··· Task material ···

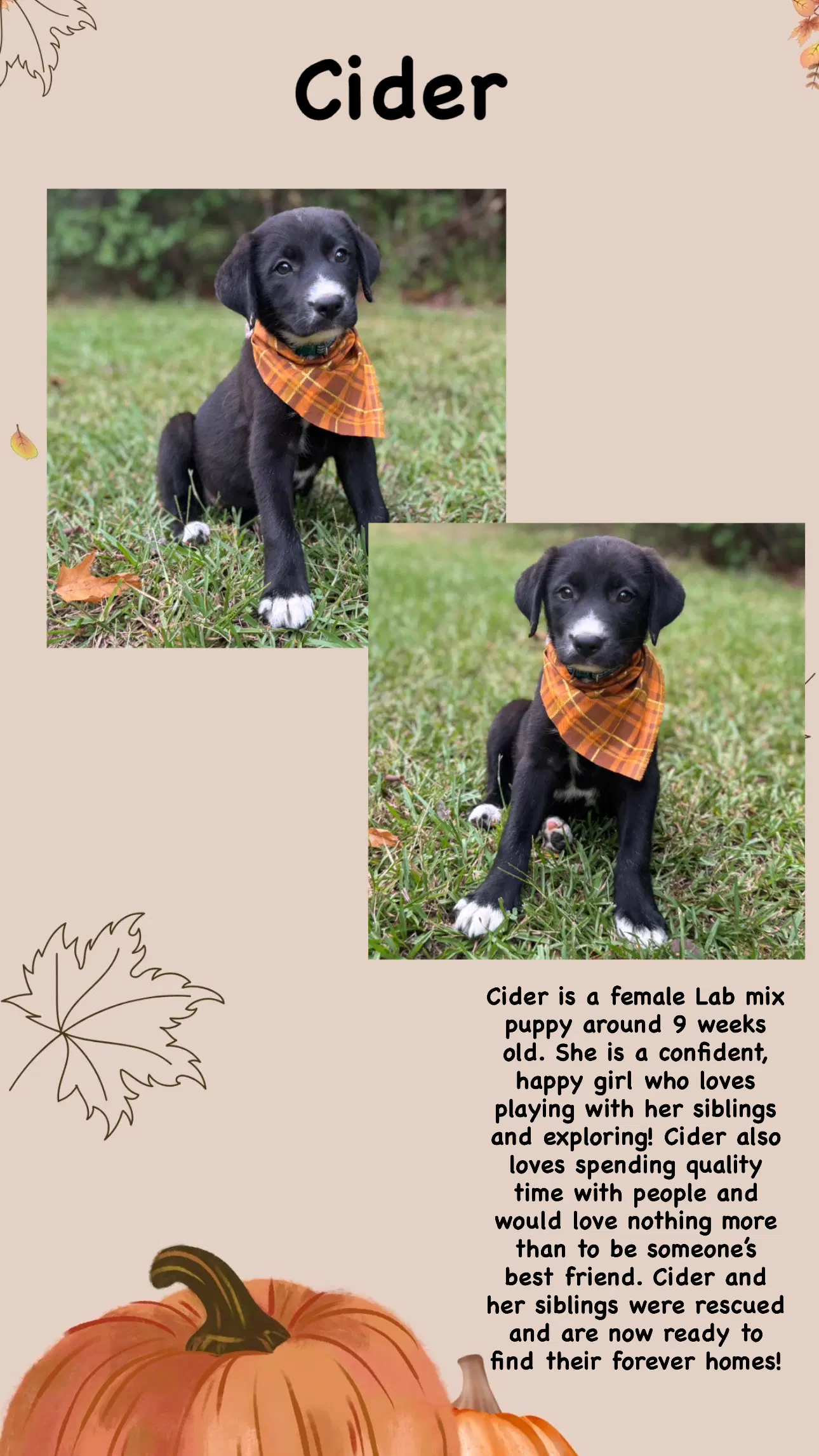 Cider - Labrador Retriever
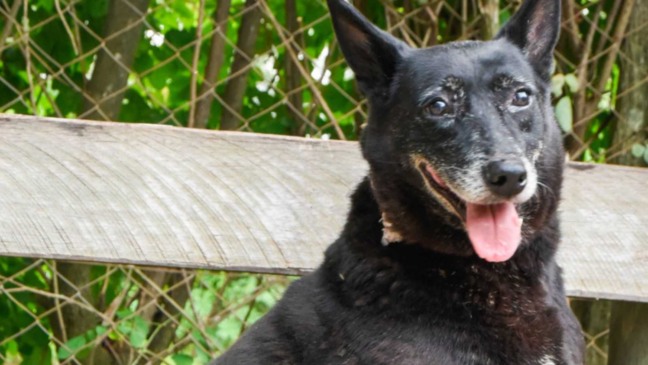 Cães e gatos de famílias em vulnerabilidade são beneficiados com a campanha Focinho Solidário (Foto: Prefeitura de Jundiaí)
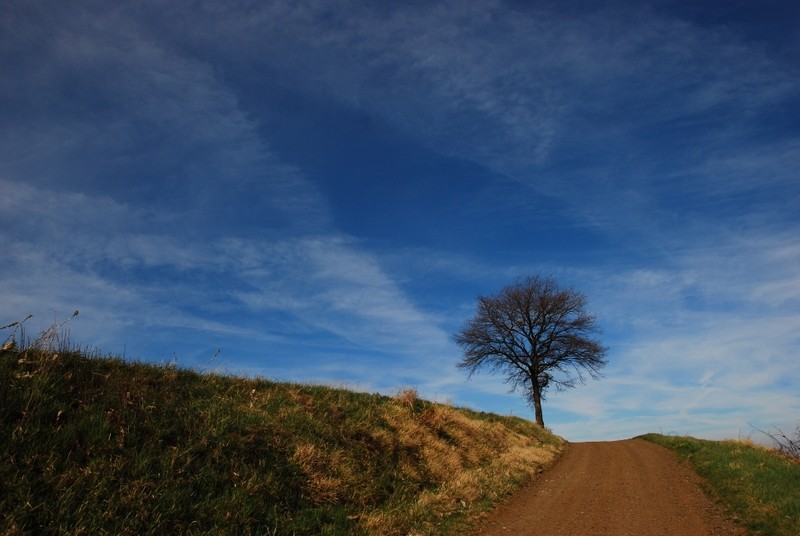 Au bout du chemin 08-03_19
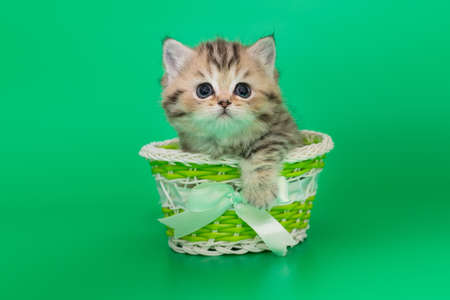 Scottish fold kitten on a green background. Funny kitten is sitting in a basket.の写真素材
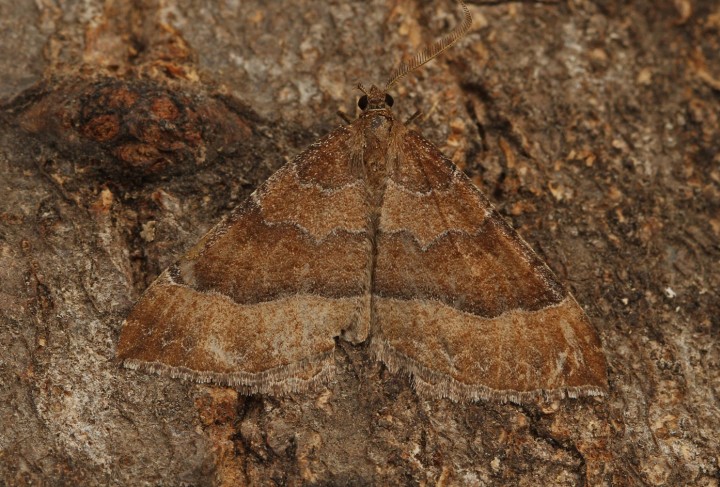 Mallow  Larentia clavaria Copyright: Graham Ekins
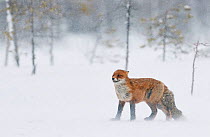 Red fox (Vulpes vulpes) standing in snowfall, trees in background. Kemijarvi, Finland. February.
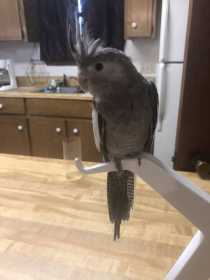 Lost Cockatiel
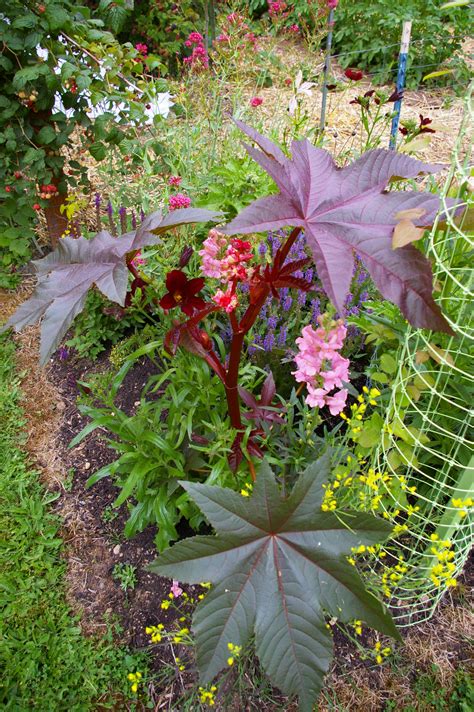 Fun Hardscape And Plants In Jeanne S Garden In Washington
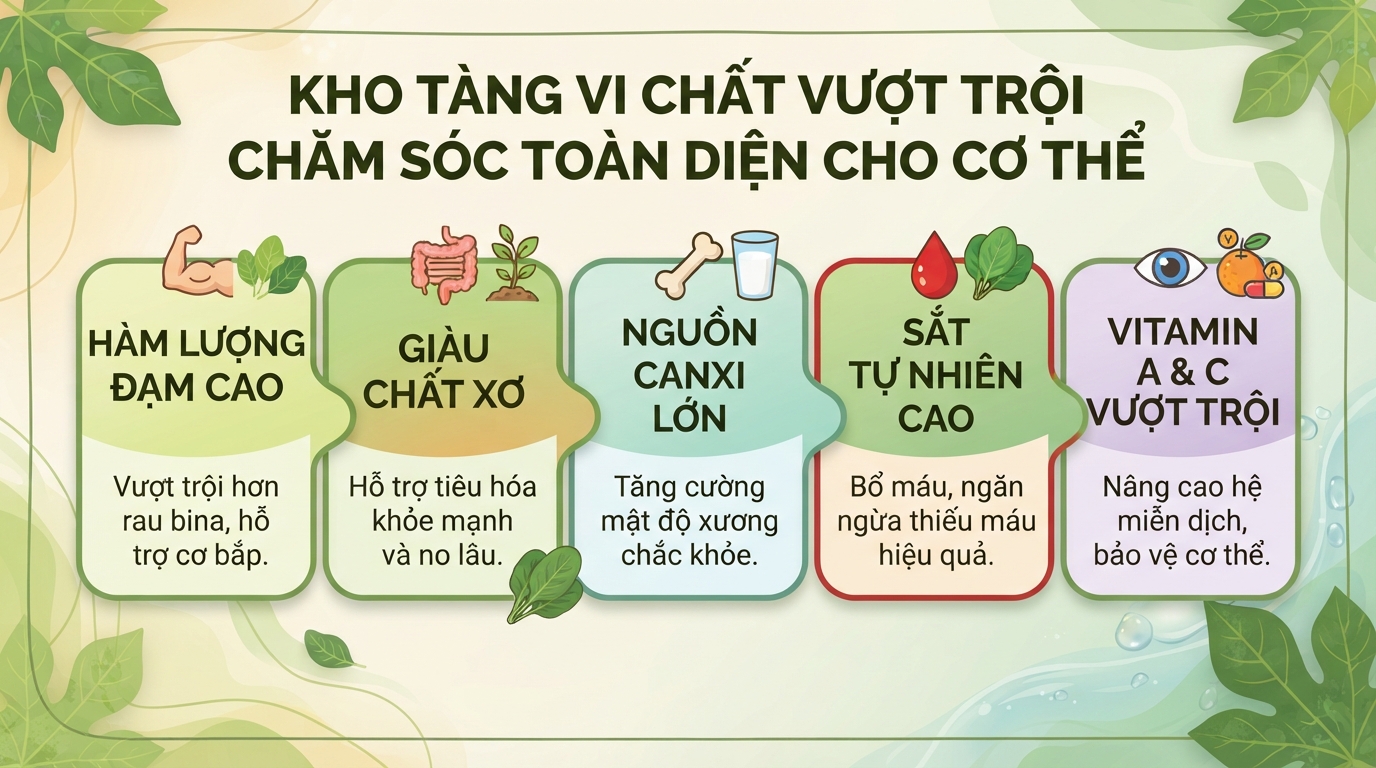 Cây mì chính là gì? Công dụng và lưu ý khi sử dụng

···

Task statement: Output each line exactly as shown above; no pictures go in the copy.

Exercise answer:
 Cider - Labrador Retriever
 Cães e gatos de famílias em vulnerabilidade são beneficiados com a campanha Focinho Solidário (Foto: Prefeitura de Jundiaí)
 Au bout du chemin 08-03_19
 Scottish fold kitten on a green background. Funny kitten is sitting in a basket.の写真素材
 Mallow  Larentia clavaria Copyright: Graham Ekins
 Red fox (Vulpes vulpes) standing in snowfall, trees in background. Kemijarvi, Finland. February.
 Lost Cockatiel
 Fun Hardscape And Plants In Jeanne S Garden In Washington
 Cây mì chính là gì? Công dụng và lưu ý khi sử dụng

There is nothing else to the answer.